Non c’era nessun motivo,  di accantonare  Newton perché la formula E=mc² non ha affatto cancellato l’etere, semmai ne ha avvalorato l’esistenza perché la massa  si imbatte sempre sul muro della velocità della luce, la novità poi dei pacchetti di luce, del tempo e della curvatura dello spazio ne ha cancellato definitivamente l’interesse.  Così la teoria dello spazio-tempo prende piede. Tuttavia trovo incredibile che la maggior parte dei teorici  abbiano  abbandonato  questa ricerca. Penso che la sola possibilità di modificare il tempo abbia elettrizzato la maggior parte dei teorici e dei fisici. Dal punto di vista fisico sarebbe più facile predire il futuro che  modificare un solo secondo del tempo passato universale e assoluto.

Tutto l’universo si trova in una fase di restituzione energetica, le stelle cedono continuamente luce fotonica, regalando pianeti e calore, vita biologica ed intelligenza. Dio o chi per esso ha fatto le cose per farsi conoscere e per farci visitare le stelle.

 Dunque lo spazio è già pieno di onde, ma onde tridimensionali sferiche, queste onde vengono riempite di materia cucinata dalle stelle e selezionata nei vari elementi chimici. Le stelle non sono fatte di gas compresso dalla gravitazione ma materia pura ancora compressa che proviene dal big bang non ancora consumata e che staziona come nucleo al centro della stella. Nel caso del nostro sole la sua massa avrà qualche km di diametro ma peserà milioni e milioni  di volte il peso della terra.

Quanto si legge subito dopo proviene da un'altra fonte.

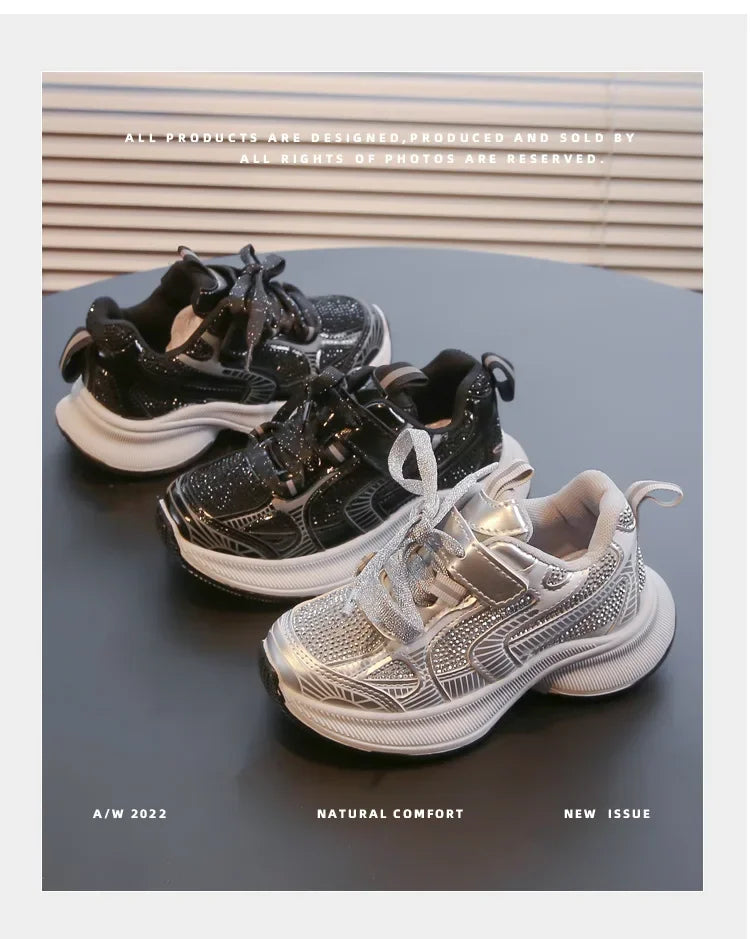 Kids Casual Running Shoes with Rhinestones Boys Girls Sports Shoes Mesh Breathable 2024 New Children Sneakers Fashion Trendy.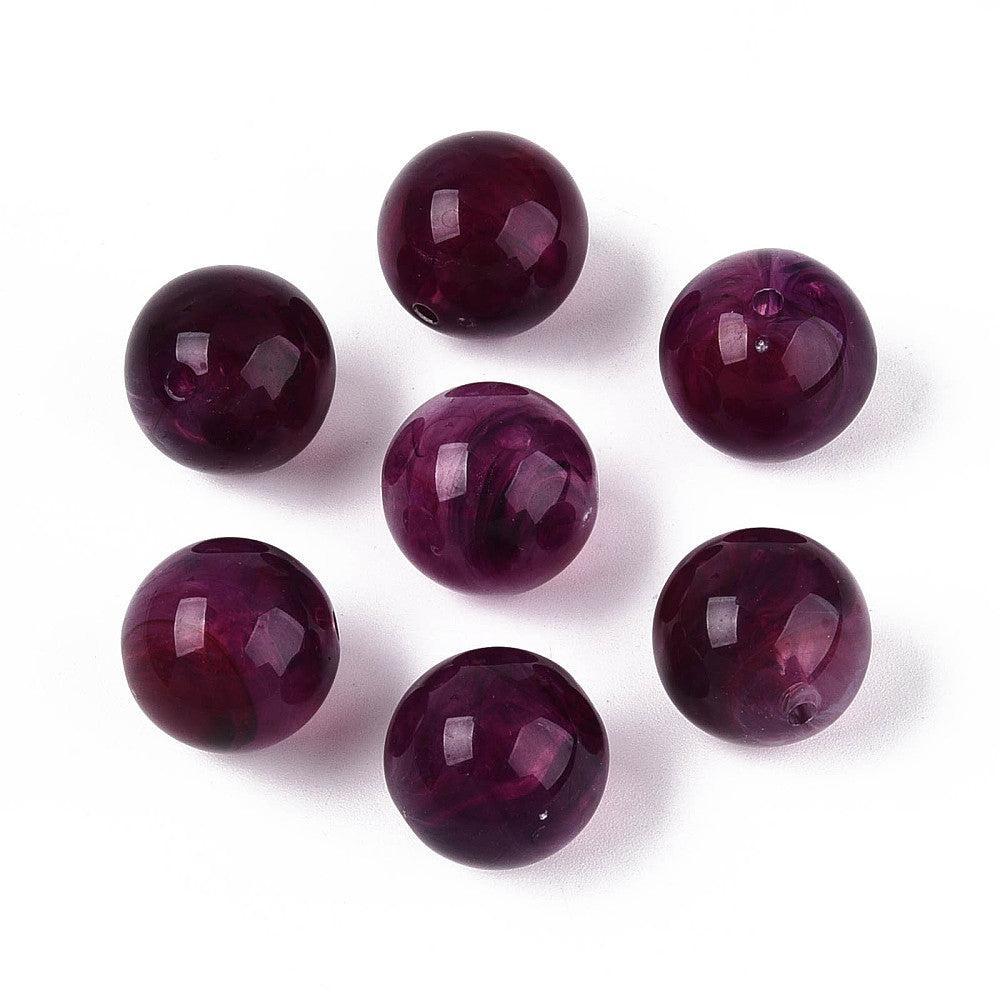 Acryl kraal marmer Paars 16mm - per stuk-Kralen-Kraaltjes van Renate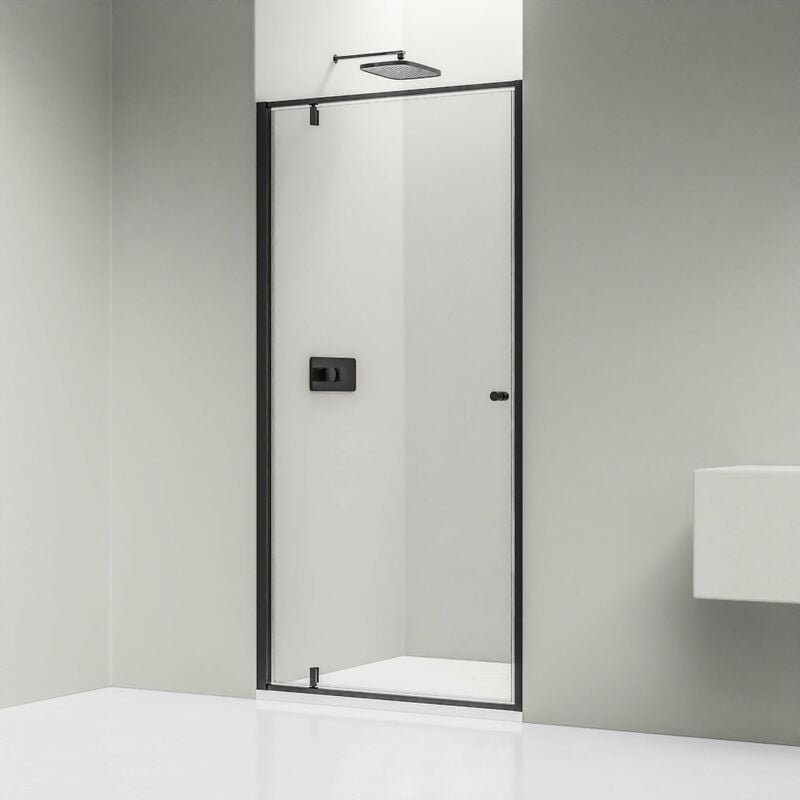 BERNSTEIN - Paroi de douche en verre 6mm Cabine de douche niche Parre douche encastrée porte tournante - Noir mat - Toutes largeurs dispo -900mm,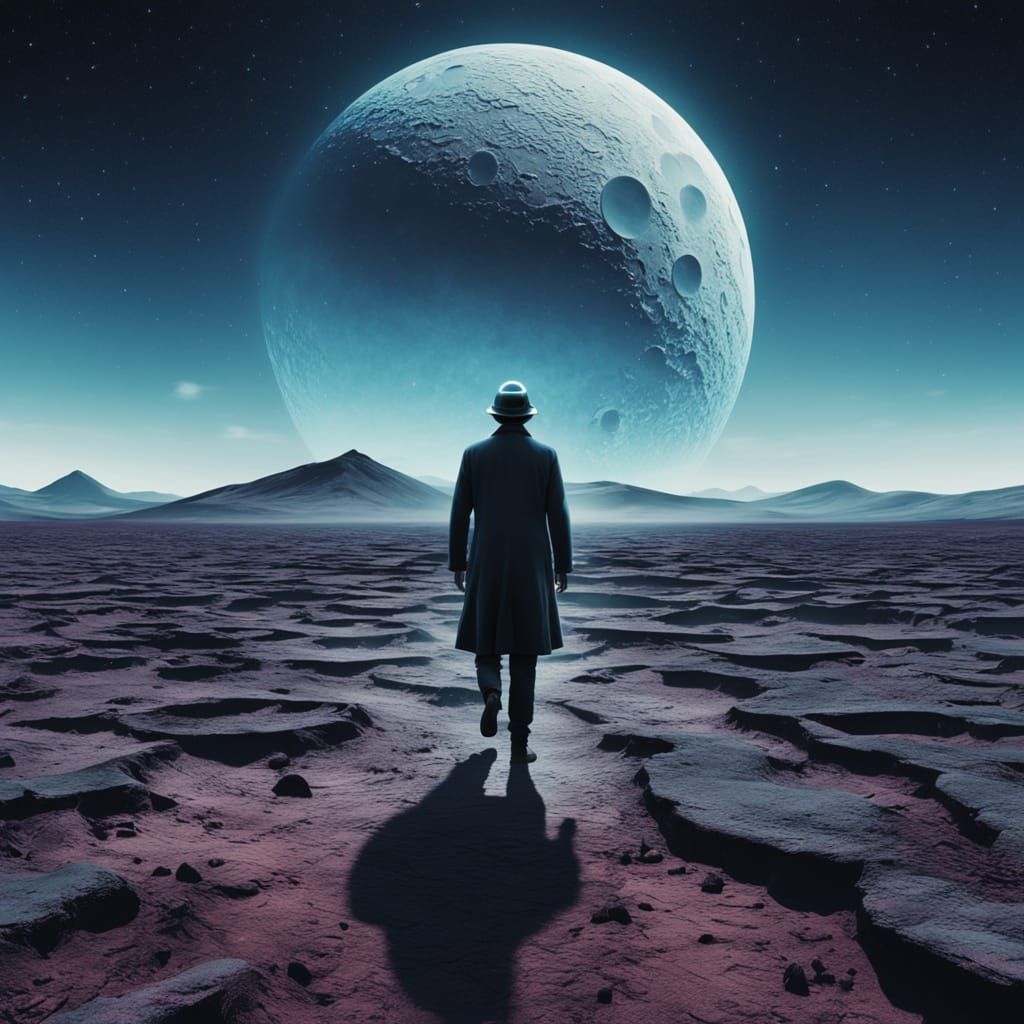 Ethereal Blue Moonscape in Dreamlike Surrealism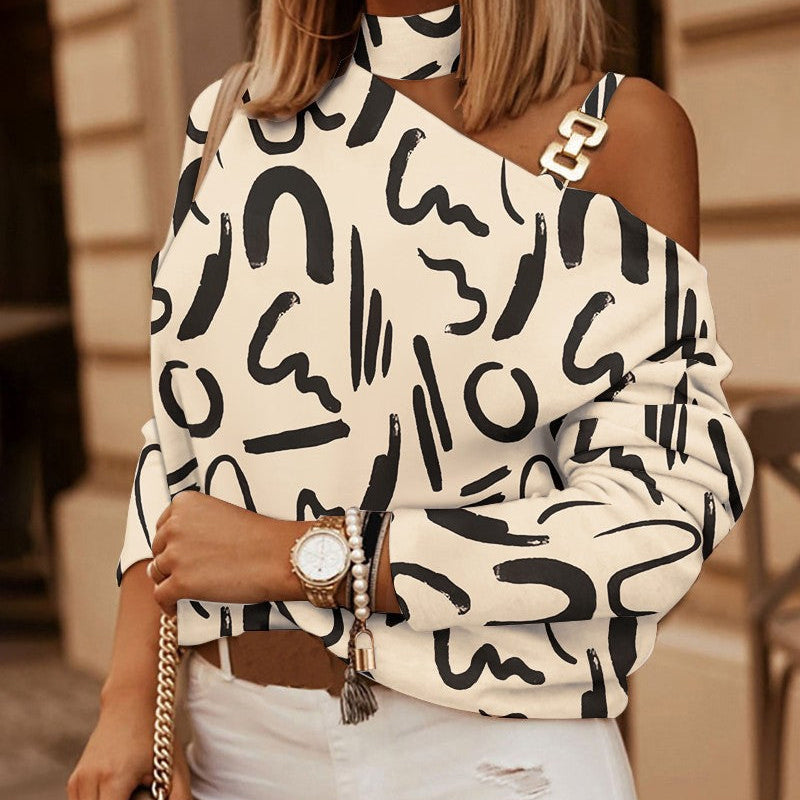 Női hosszú ujjú felső – Laza szabású – Kockás minta – Láncpánt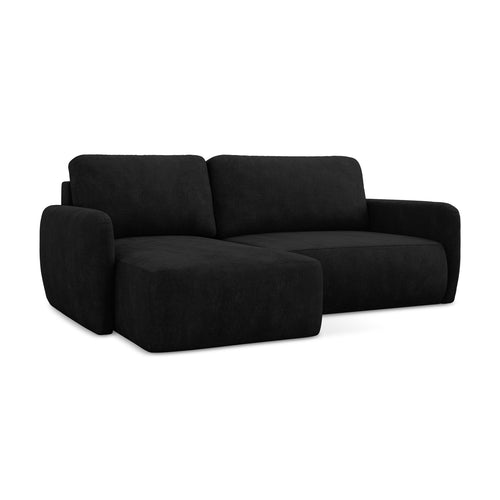 LaMiaSofa hoekbank links Corle - chenille stof - zwart - 207x148x86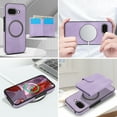 thumbnail image 5 of for Google Pixel 9a Case, Compatible with MagSafe, Detachable Magnetic Wallet Case with PU Leather Kickstand Card Slots Shockproof Protection 2 In 1 Case for Google Pixel 9a, Purple, 5 of 6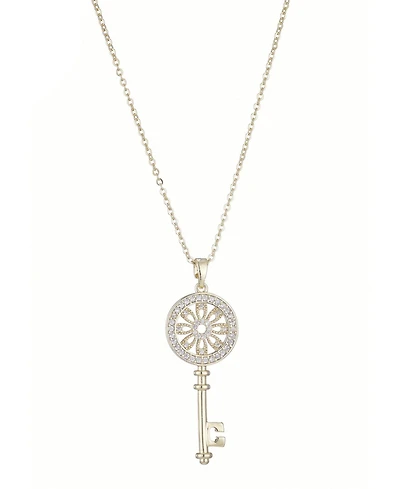 Adornia Gold Ornate Key Pendant Necklace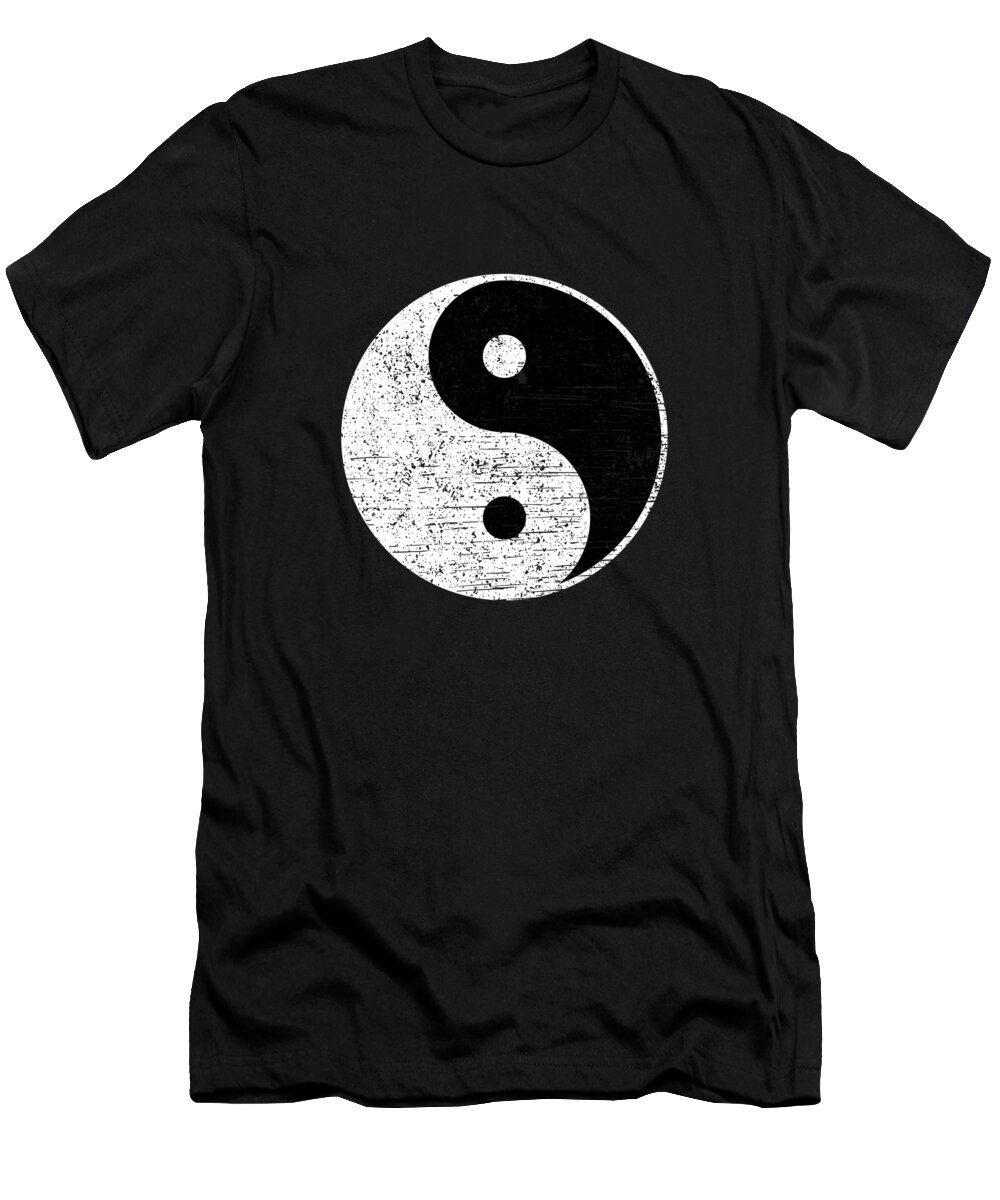 Yin Yang T-Shirt featuring the digital art Yin Yang Retro Vintage Harmony Taoism Yoga Gift by Thomas Larch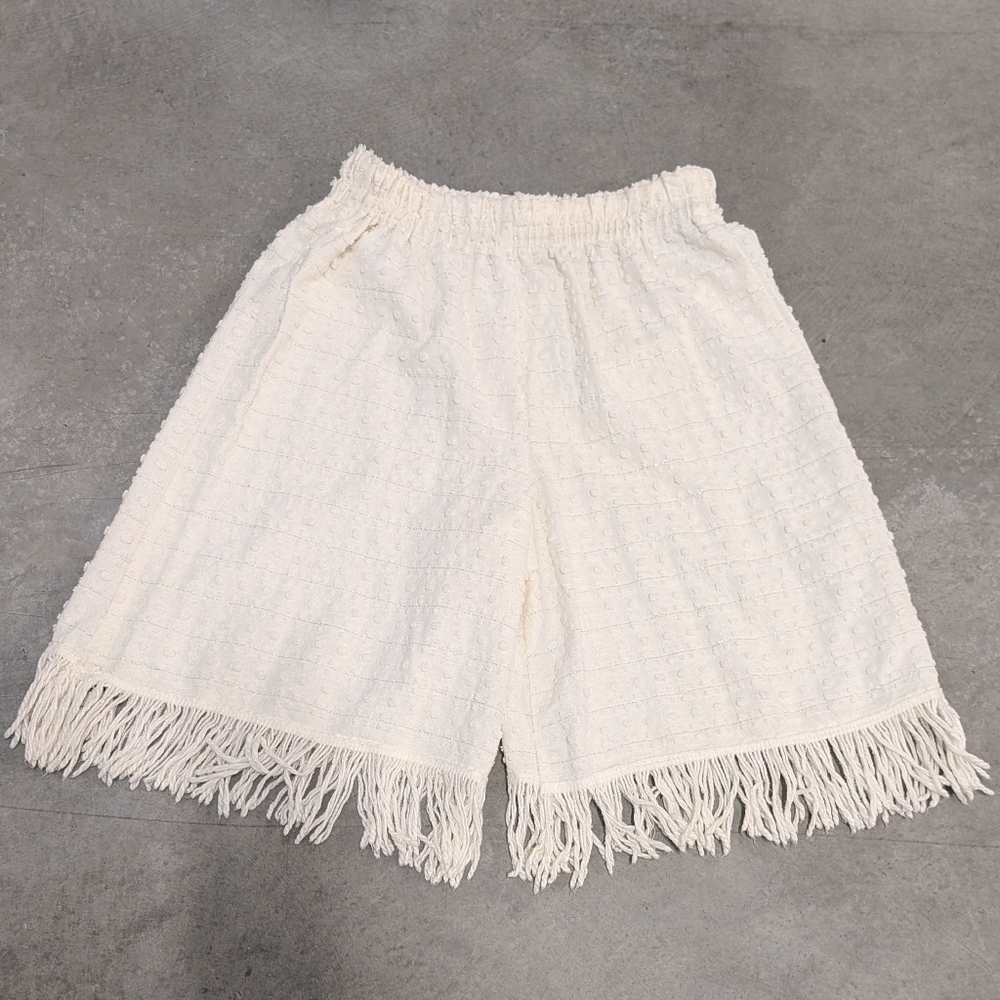 LONG SHORTS made from a VINTAGE BEDSPREAD M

Per consumare un metro cubo di massa pura super compressa del primo stadio, ci vogliono almeno 100.000 o 500.000 anni, naturalmente questi numeri sono approssimativi perché non si conosce il rapporto di una particella di massa pura. La teoria che mi accingo a descrivere si basa su di una forma primaria che la materia dovrebbe avere, una specie di forma energetica elettromagnetica durissima freddissima ma elastica, se vogliamo, forse come stringhe a poli chiusi che sprigionano luce e campi magnetici.

Questa particella piccolissima ha la forma di un poliedro a quattro facce regolare,  equilatero.

Questo poliedro triangolare ha forze in contrapposizione, due poli, uno magnetico ed uno elettrico perpendicolari tra loro. Un poliedro delimitato da quattro punti che stabiliscono le quattro dimensioni.

Avete letto bene le dimensioni fisiche  sono quattro. Il tempo   non è una dimensione fisica ma una variazione spaziale, sia esso  oggetto,  particella o fotone.

 Il tempo   è semplicemente una sensazione mentale relativa  a confronto con altre velocità di paragone.

Probabilmente in tutti i sistemi stellari esseri intelligenti useranno sempre due misure temporali una è quella relativa alla rotazione del pianeta nei riguardi del sole e l’altra al tempo delle stagioni e dei mesi che saranno diversi dal nostro.